The Conference of European Rabbis said it would move its scheduled March meeting to Slovakia because it was now “inappropriate” for the rabbis to meet in Austria, conference Secretary-General Aba Dunner said this week.

The decision came as the European Jewish Congress also lashed out at the decision to include Haider’s party in the new coalition.

The EJC, which serves as the diplomatic representative in discussions involving some 2 million European Jews and their respective governments, hailed the decision by the European Union to isolate Austria diplomatically.

In a statement issued Sunday, the EJC also called on all the peoples of Europe to impose a tourist boycott on Austria.

In the wake of the decision by the rabbis’ conference, the chief rabbis of several European countries spoke out against the Freedom Party’s inclusion in the Austrian government.

“As leaders of Jewish communities in Europe, we feel bound to register our dismay at the turn of events in Austria and to signal as clearly as we can that this is not the way forward for Europe,” said British Chief Rabbi Jonathan Sacks.
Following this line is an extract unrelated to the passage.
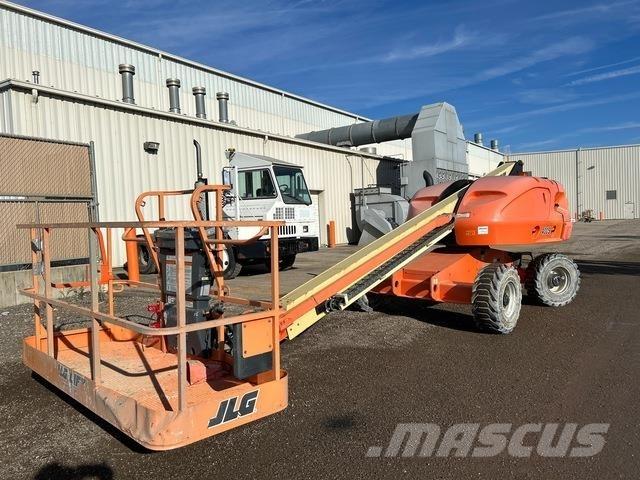 JLG 400S Teleskopbühnen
French Chief Rabbi Yosef Sitruk said, “We cannot feel comfortable in a country where a xenophobic party forms part of the government.”
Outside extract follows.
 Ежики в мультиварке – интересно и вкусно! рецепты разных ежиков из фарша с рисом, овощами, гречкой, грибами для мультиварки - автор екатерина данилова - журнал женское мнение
For his part, Moscow Chief Rabbi Pinchas Goldschmidt said attempts are being made to stamp out such parties in Russia and Eastern Europe.

“We must ensure it is clearly understood that such parties are unacceptable in modern-day Europe,” he said.

Austria’s chief rabbi, Chaim Eisenberg, was equally outspoken about the anti- immigrant Freedom Party’s inclusion in the government.

“This new trend evokes memories of a very nasty Austrian past,” he said. “One had hoped that such policies and sentiments would never be seen or heard again in this country.”

While the conference will now be held in Bratislava, Slovakia, the entire delegation of rabbis will still journey to nearby Vienna for an evening reception that is being planned by Vienna’s Jewish community.

According to Dunner, however, delegates will not attend a civic reception that had been planned by the Vienna municipality.